2. Außergerichtliche Kosten sind auch im Berufungsverfahren nicht zu erstatten
Zwischen den Beteiligten ist die Gewährung einer Rente wegen Erwerbsminderung streitig.
Tatbestand
Die am geborene Klägerin erlernte den Beruf der Floristin. Sie war zuletzt im September 2017 als Gärtnerin in Vollzeit versicherungspflichtig beschäftigt. Anschließend bezog sie Kranken- bzw Übergangsgeld und Arbeitslosengeld. Seit 01.10.2020 bezieht die Klägerin Arbeitslosengeld II. Sie übte und übt eine geringfügige nicht versicherungspflichtige Beschäftigung als Reinigungskraft im Umfang von 6,82 Stunden/Woche aus. Außerdem ist sie nebenberuflich selbstständig im Vertrieb von Reinigungsprodukten tätig.
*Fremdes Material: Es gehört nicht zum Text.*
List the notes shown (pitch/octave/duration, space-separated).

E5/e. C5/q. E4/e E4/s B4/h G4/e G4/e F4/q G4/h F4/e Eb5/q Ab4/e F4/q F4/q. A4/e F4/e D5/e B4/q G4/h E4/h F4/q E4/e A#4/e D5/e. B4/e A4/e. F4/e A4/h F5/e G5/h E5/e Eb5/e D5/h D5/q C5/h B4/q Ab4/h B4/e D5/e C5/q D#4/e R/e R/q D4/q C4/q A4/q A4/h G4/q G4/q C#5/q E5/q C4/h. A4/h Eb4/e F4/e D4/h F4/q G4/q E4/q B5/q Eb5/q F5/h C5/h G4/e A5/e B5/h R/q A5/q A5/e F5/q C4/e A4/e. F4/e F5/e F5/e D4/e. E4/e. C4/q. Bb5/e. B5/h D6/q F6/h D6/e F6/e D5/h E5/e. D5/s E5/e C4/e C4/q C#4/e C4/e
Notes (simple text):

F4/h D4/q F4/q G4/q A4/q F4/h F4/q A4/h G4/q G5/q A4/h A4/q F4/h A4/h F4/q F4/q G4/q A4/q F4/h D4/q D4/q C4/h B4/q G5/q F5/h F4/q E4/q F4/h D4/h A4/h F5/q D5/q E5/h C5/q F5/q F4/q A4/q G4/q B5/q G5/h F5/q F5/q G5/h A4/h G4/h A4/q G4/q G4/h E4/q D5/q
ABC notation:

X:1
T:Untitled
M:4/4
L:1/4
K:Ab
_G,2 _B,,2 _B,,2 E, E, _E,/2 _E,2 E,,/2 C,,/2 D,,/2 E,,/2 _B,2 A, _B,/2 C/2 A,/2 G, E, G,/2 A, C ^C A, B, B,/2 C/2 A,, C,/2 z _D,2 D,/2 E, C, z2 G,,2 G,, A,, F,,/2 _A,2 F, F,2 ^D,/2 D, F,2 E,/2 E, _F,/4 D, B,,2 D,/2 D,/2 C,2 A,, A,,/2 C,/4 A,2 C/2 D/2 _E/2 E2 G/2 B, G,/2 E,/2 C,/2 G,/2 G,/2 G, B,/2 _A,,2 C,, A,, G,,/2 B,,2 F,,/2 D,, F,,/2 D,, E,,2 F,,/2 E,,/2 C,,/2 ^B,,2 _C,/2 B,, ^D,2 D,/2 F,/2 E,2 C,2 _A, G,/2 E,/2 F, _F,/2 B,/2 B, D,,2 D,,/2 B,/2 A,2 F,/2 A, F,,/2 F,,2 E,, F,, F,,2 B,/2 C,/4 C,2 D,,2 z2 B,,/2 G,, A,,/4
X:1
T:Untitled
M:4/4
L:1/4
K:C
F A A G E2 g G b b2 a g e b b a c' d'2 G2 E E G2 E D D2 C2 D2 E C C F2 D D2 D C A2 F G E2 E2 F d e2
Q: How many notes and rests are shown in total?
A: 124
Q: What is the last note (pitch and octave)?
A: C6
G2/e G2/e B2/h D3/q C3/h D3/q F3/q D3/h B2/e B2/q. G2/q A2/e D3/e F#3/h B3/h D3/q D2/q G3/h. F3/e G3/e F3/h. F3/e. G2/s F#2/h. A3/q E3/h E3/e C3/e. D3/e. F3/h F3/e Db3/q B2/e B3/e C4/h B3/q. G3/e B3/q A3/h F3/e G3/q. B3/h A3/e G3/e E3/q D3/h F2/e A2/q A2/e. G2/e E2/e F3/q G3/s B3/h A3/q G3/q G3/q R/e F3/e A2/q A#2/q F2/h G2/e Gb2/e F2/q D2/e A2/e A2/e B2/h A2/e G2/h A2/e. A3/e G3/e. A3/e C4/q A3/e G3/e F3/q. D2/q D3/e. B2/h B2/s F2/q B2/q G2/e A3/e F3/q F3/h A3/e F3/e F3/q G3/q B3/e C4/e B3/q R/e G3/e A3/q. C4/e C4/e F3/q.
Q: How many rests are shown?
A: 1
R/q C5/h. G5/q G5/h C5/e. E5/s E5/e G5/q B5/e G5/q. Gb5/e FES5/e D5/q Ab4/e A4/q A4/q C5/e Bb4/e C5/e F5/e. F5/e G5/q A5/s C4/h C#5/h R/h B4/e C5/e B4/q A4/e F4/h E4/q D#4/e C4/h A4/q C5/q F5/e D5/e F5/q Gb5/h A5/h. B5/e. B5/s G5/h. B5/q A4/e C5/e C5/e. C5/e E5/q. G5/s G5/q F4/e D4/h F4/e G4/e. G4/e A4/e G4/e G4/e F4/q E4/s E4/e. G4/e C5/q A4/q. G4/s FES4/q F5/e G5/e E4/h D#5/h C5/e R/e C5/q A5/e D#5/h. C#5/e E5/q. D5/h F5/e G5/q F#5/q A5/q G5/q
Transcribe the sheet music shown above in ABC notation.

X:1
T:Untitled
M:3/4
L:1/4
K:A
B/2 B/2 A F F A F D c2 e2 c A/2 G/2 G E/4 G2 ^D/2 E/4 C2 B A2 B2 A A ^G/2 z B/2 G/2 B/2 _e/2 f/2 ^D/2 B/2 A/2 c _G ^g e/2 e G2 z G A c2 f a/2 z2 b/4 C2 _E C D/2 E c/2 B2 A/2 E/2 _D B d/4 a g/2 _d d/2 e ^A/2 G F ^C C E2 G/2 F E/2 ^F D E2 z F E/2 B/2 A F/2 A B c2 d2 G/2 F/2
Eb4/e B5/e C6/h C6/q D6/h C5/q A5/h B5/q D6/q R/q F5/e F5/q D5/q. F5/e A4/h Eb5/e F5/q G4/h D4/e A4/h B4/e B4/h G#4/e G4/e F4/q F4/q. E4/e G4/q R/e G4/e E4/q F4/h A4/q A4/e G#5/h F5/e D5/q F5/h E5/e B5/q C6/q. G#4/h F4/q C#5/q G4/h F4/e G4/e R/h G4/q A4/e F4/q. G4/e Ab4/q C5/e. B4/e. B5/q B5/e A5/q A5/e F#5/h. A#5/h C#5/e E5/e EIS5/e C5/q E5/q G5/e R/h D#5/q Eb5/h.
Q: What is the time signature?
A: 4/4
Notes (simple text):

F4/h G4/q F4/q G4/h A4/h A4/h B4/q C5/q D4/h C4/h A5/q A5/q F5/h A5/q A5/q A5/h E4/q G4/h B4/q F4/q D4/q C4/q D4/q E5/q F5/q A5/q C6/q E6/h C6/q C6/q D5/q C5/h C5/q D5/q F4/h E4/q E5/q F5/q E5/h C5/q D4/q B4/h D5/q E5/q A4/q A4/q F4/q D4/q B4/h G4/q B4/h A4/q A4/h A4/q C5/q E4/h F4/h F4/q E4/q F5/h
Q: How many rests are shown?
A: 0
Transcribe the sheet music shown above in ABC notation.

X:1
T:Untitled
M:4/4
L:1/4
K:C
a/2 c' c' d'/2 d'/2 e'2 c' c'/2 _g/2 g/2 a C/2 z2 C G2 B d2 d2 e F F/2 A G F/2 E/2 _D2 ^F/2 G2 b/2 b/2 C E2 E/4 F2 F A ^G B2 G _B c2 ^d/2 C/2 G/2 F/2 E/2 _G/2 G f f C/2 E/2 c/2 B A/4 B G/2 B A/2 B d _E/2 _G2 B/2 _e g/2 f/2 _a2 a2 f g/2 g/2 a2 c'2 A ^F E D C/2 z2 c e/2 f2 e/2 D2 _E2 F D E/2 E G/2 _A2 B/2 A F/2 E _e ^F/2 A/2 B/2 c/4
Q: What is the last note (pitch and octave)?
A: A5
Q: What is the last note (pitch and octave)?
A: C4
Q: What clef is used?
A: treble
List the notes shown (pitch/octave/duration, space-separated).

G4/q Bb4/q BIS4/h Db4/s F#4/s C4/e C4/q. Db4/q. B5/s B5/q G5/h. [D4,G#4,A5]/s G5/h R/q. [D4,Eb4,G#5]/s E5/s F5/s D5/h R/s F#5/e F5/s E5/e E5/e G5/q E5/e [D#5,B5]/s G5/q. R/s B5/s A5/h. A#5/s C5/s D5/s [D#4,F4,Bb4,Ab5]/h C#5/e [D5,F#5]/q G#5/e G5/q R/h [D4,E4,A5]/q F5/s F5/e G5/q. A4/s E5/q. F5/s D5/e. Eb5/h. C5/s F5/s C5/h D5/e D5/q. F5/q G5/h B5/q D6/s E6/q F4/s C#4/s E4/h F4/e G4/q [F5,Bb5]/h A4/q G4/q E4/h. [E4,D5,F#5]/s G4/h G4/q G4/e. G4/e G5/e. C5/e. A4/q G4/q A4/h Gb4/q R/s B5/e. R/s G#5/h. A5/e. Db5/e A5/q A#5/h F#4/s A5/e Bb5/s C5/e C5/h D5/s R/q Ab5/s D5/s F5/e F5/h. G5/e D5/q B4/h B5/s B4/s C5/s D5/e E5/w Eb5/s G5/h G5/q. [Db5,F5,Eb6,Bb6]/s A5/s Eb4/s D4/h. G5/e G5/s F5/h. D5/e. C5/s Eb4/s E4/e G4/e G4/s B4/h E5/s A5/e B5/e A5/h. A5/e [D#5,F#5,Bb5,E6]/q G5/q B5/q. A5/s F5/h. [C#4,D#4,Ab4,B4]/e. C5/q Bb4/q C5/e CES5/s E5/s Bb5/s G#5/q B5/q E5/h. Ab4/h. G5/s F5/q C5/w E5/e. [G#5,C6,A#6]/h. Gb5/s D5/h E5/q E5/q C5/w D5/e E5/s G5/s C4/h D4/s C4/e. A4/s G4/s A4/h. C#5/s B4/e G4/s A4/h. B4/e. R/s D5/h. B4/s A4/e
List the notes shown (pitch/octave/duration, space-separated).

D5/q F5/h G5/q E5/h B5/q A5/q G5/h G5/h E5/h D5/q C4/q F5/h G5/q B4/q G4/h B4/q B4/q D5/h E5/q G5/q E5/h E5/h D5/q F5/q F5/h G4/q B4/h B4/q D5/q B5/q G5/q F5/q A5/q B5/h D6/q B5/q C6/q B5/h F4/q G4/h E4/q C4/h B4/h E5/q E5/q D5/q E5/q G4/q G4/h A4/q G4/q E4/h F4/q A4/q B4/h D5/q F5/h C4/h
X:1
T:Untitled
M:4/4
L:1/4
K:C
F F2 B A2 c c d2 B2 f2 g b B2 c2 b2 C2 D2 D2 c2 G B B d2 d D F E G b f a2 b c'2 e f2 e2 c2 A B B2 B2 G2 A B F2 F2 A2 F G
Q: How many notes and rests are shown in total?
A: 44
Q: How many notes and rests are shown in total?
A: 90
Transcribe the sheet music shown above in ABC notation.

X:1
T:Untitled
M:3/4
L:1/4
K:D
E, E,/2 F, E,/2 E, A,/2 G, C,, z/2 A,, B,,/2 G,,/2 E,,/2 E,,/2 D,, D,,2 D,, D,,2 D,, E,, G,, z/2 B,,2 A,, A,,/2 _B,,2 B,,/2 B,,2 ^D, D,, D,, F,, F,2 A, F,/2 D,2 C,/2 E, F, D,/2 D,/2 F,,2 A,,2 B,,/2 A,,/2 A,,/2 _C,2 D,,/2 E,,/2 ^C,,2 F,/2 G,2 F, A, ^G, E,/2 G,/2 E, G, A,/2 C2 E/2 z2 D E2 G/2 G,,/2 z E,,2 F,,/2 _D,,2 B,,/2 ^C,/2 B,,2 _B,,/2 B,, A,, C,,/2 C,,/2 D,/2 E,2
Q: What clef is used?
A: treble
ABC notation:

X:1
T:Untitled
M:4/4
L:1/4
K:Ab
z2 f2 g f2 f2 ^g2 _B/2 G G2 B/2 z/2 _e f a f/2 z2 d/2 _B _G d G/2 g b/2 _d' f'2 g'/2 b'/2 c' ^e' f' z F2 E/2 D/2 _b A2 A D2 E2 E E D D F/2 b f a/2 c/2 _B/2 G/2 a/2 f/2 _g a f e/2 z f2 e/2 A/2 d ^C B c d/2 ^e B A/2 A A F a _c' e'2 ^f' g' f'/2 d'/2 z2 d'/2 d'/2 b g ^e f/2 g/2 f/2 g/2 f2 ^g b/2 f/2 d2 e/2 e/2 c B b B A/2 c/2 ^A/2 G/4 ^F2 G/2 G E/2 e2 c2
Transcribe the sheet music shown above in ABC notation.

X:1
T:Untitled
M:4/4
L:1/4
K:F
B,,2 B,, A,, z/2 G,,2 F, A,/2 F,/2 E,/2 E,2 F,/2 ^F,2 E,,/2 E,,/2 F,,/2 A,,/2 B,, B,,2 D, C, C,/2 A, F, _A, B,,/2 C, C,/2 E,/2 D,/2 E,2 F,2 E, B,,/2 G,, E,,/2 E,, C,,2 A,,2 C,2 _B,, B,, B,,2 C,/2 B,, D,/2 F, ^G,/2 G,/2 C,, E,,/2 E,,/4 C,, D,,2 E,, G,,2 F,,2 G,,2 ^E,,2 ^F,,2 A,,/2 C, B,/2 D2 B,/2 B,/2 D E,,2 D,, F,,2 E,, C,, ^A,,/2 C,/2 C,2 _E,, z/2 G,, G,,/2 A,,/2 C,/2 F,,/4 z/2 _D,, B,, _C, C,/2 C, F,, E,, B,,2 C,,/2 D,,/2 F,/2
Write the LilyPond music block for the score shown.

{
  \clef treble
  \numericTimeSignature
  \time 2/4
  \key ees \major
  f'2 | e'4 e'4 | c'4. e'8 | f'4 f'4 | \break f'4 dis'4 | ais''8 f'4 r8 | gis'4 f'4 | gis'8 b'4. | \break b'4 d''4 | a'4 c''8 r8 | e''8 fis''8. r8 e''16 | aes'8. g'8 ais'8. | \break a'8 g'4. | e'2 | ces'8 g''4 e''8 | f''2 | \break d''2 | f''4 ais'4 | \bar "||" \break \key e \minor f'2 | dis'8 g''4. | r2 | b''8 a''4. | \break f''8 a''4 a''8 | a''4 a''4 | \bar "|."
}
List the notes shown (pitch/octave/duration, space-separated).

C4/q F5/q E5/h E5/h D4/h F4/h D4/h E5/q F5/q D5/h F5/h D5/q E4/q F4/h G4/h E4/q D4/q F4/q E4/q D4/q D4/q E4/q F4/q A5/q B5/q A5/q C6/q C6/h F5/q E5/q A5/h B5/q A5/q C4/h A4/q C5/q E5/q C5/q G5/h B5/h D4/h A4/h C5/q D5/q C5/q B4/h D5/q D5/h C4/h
In der Zeit vom 26.02.2016 bis zum 23.03.2016 absolvierte die Klägerin eine stationäre Maßnahme der medizinischen Rehabilitation in der S1, aus der sie arbeitsfähig und mit einem Leistungsvermögen für leichte bis mittelschwere Tätigkeiten, überwiegend im Stehen, Gehen und Sitzen von sechs Stunden und mehr entlassen wurde (Entlassbericht des D1 vom 31.03.2016; Diagnosen Fibromyalgiesyndrom, chronisches Schmerzsyndrom mit andauernder Persönlichkeitsstörung, chronisch degeneratives LWS-Syndrom, kleiner paramedialer Bandscheibenvorfall L5/S1 links, breitbasige Bandscheibenprotrusion L3/2, Coccygodynie (chronische Schmerzen in der Umgebung des Steißbeines), chronisches Cervicobrachialsyndrom bei Bandscheibenprotrusion C5/C6 und C6/C7).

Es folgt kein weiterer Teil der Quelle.